/---

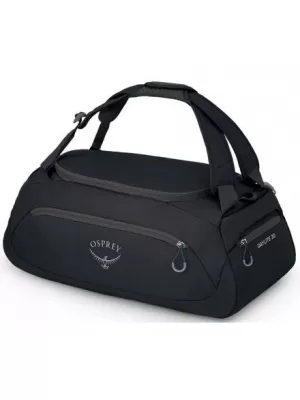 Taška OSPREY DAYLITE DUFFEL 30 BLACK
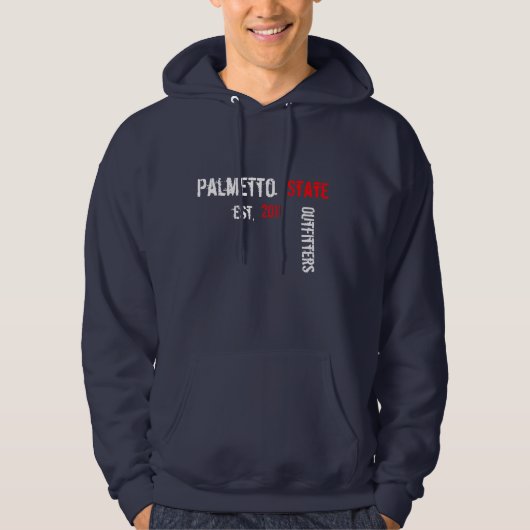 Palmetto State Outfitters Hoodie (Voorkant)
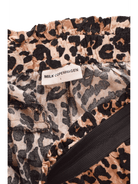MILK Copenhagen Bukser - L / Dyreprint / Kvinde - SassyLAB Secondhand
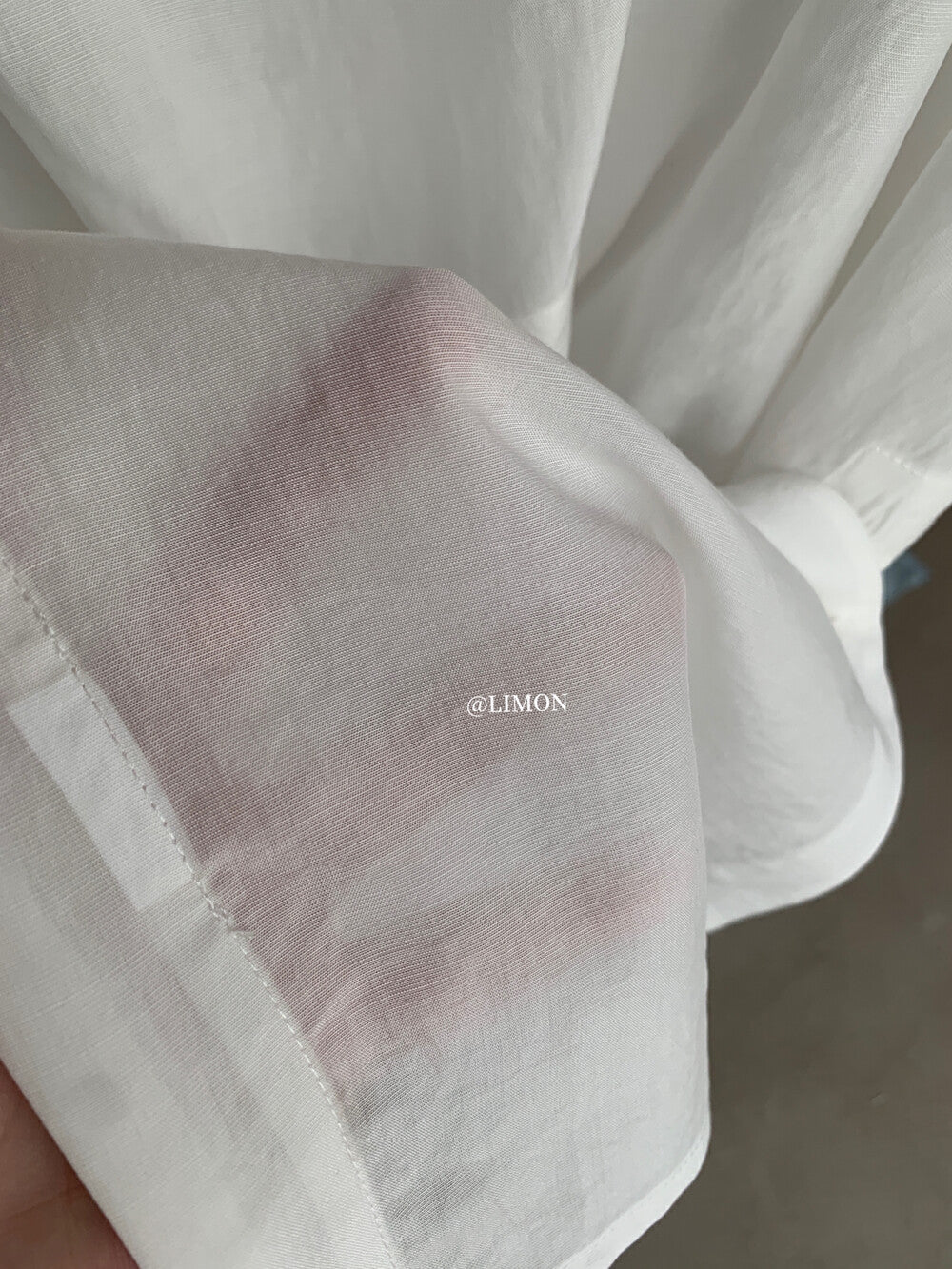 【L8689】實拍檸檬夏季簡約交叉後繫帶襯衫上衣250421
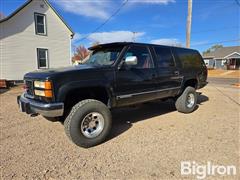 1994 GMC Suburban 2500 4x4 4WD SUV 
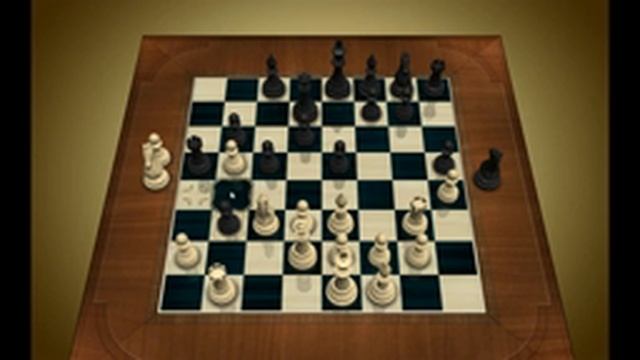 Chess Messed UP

\---
/---

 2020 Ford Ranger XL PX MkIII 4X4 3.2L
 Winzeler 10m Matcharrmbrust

\---

-- DESCRIPTION OF THE TASK --
Reproduce the records above exactly, but only from the line with "Palmetto State Outfitters Hoodie (Voorkant)" up to and including the line with "Chess Messed UP". Leave the pictures out.

-- SOLUTION --
 Palmetto State Outfitters Hoodie (Voorkant)
MILK Copenhagen Bukser - L / Dyreprint / Kvinde - SassyLAB Secondhand
 【L8689】實拍檸檬夏季簡約交叉後繫帶襯衫上衣250421
 1994 GMC Suburban 2500 4x4 4WD SUV 
 Chess Messed UP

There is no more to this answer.